Two things have happened in the last 24 hours that have convinced me that the world has collectively lost its ability to distinguish between red and yellow. I am currently about 100 pages from the end of the last book in a series that should probably remain nameless (*cough* Twilight *cough*) except for the fact that I can’t stop talking about how badly these books are written. At one point in the chapter I was reading last night, the narrator introduces two new characters – vampires that have blonde hair. A few pages later, she refers to the “strawberry” hair of one of the aforementioned blonde vampires. Now, I know there is such a thing as strawberry blonde hair (Nancy Drew had it, although they frequently referred to it as “titian” hair) but there is a very distinct difference between strawberry blonde (i.e. blonde hair with a slight hint of red) and strawberry (i.e. the bright red fruit we make jam out of during the two weeks in June in which they are they are in season in our poor sad frozen country).
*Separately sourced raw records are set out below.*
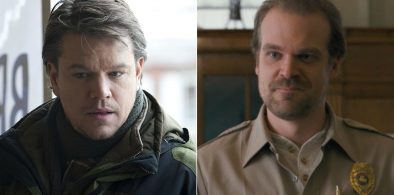 Matt Damon em "Contágio" e David Harbour em "Stranger Things" (Reprodução)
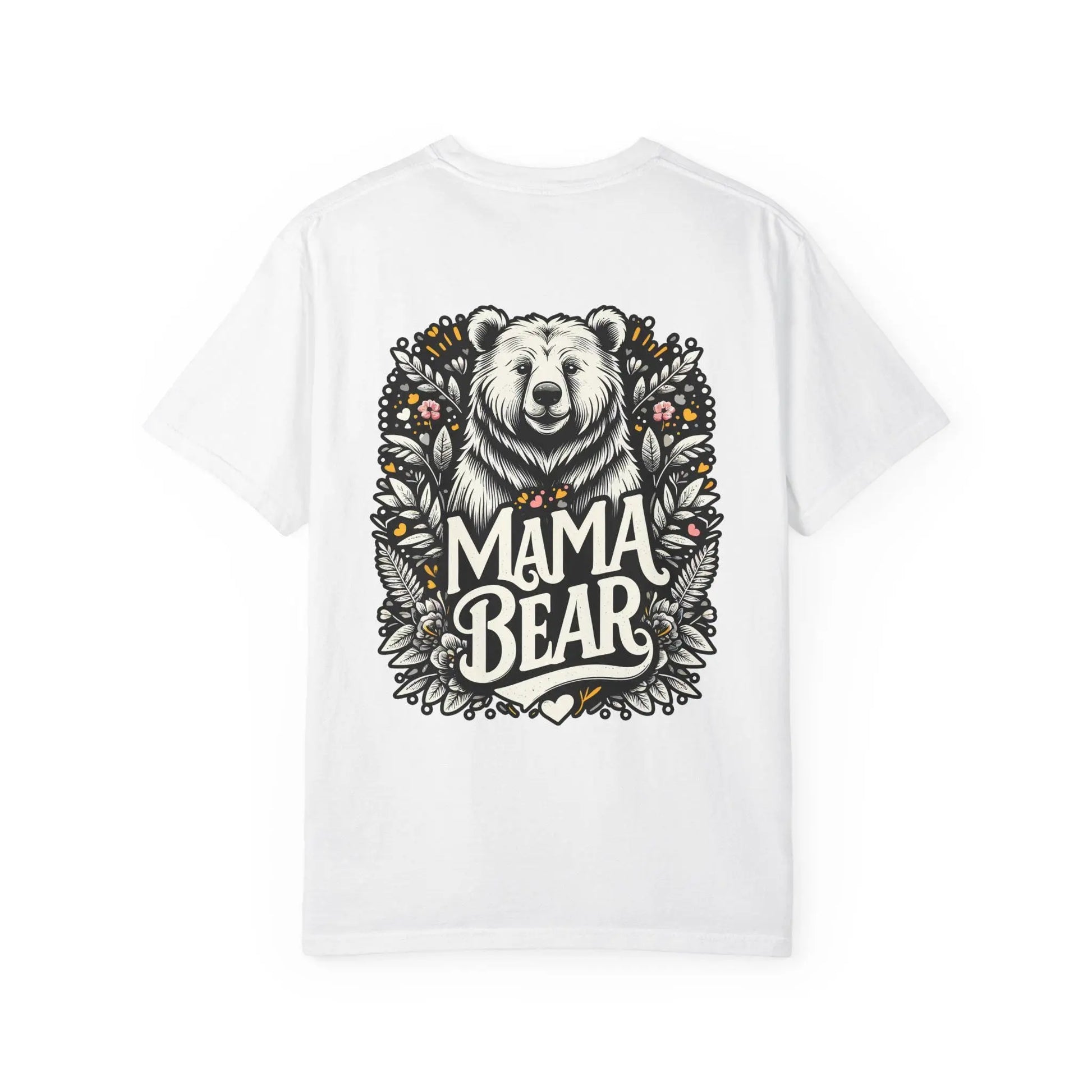 Mama Bear Unisex Garment-Dyed T-Shirt | Soft Vintage Style Casual Tee for Moms & Family Gift Ideas - Toddcraft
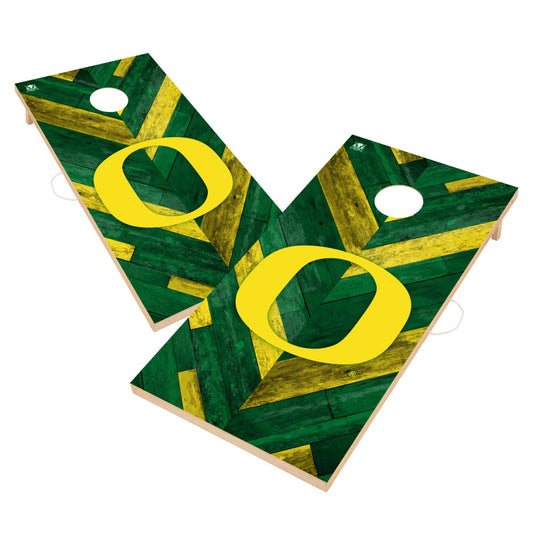 University of Oregon Ducks | 2x4 Solid Wood Cornhole_Victory Tailgate_1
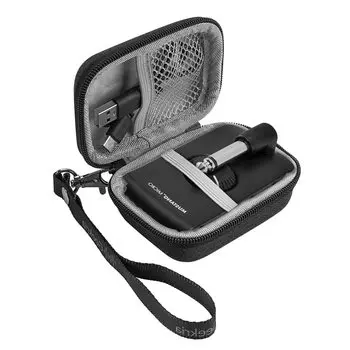 Чехол Geekria Shield для переноски, совместимый с усилителем для наушников Fenderr Mustang Micro, сменный чехол, дорожная сумка с жестким корпусом и отсеком для хранения кабеля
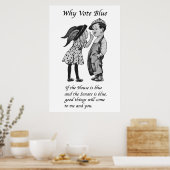 Waarom Stemmen Blauw in 2024 Poster (Keuken)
And then, when I was in the car this afternoon with the radio tuned to the local Christian station (I generally like the music but the DJs are second rate at best) I had to suffer through three minutes of inane prattle between the DJ and his sidekick on how the sidekick likes weather that’s cool (but not too cold) or warm (but not too hot). She opined that as far as the weather is concerned, she had might as well be Goldilocks. The DJ interjected that she just needed some red hair and she’d be all set. Again – and you can correct me if I’m wrong here – I believe there is a difference between red (the colour of firetrucks, cherries, and the scarlet letter) and yellow (the colour of lemons, rubber duckies, and, I don’t know, the GOLDEN LOCKS of the beloved heroine of a widely known fairy tale involving bears and the varying temperature of their breakfast cereal).
If I worked for the media, I would blame this phenomenon on these times of economic uncertainty, but since I’m not, I am just going to say I think everyone’s gone insane.